Listening to Elaine Douvas

Volume 114, No. 5May, 2014

Elaine Douvas (Photo: John Abbott)

Elaine Douvas (Photo: John Abbott)

As the principal oboist of the Met Opera since 1977, Elaine Douvas speaks from experience. Equally devoted to her career as a teacher, she has served on the oboe faculty of Mannes, Bard College and Juilliard, where she is chair of the woodwind department. Her students hold positions in numerous orchestras and university faculties, and her three albums of demonstration and commentary for Music Minus One are used by teachers and students across the country. In the summers she teaches at Aspen, and she has given master classes around the world.
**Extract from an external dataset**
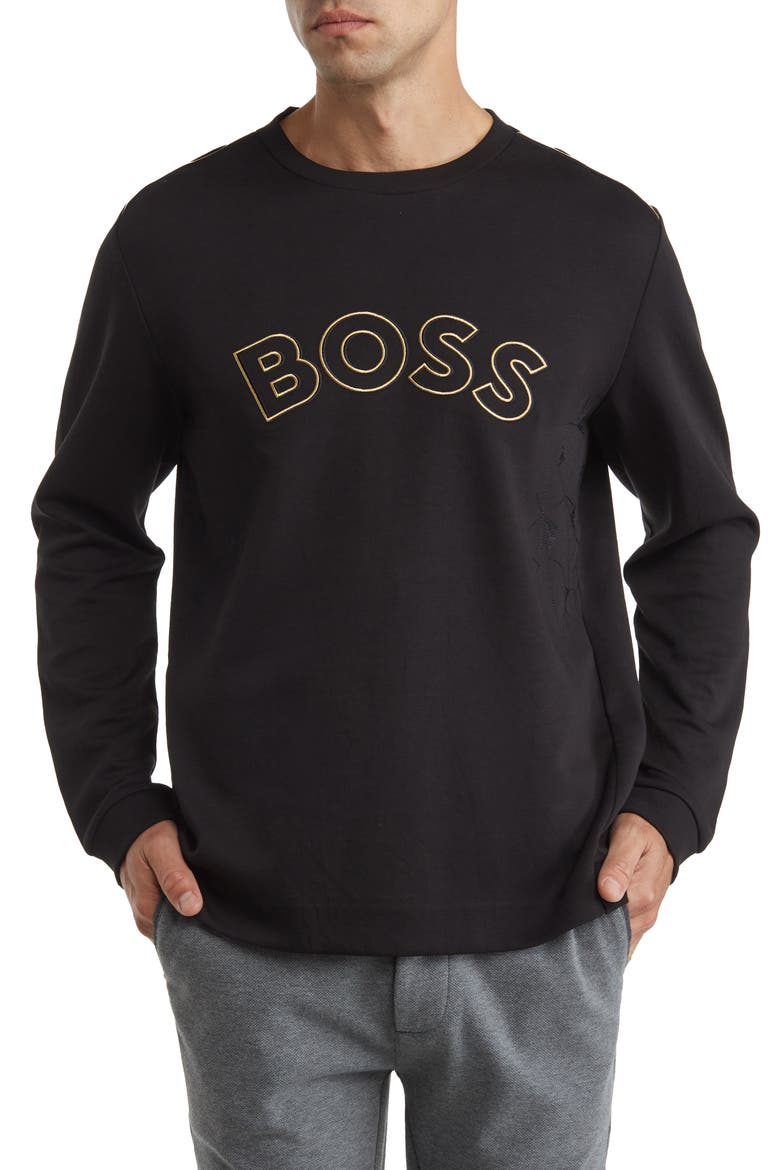 Salbo Block Letter Crewneck Pullover, Main, color, BLACK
She also enjoys playing with her quartet (named “Pleasure is the Law”), which recently performed Messiaen’s “Quadruple Concerto” for flute, oboe, cello and piano with the New York Youth Symphony at Carnegie Hall.
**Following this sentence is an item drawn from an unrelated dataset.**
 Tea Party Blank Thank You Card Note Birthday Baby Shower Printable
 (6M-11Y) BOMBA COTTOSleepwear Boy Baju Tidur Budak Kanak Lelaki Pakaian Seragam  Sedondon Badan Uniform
Douvas lives in Ridgewood, New Jersey with her husband Robert Sirinek, former trumpeter with the Met and orchestra manager since 1986. They have two grown daughters, Portia and Margot, and a Jack Russell terrier named Rusty. For many years, she has devoted her spare time to figure skating and has passed 11 USFSA tests in freestyle and moves.

Douvas has been a member of Local 802 since 1977. Recently, she sat down with Local 802 recording rep Bob Pawlo to speak about teaching, performing and how she fell in love with classical music.

Bob Pawlo: How did you first find your musical voice? Were you from a musical family?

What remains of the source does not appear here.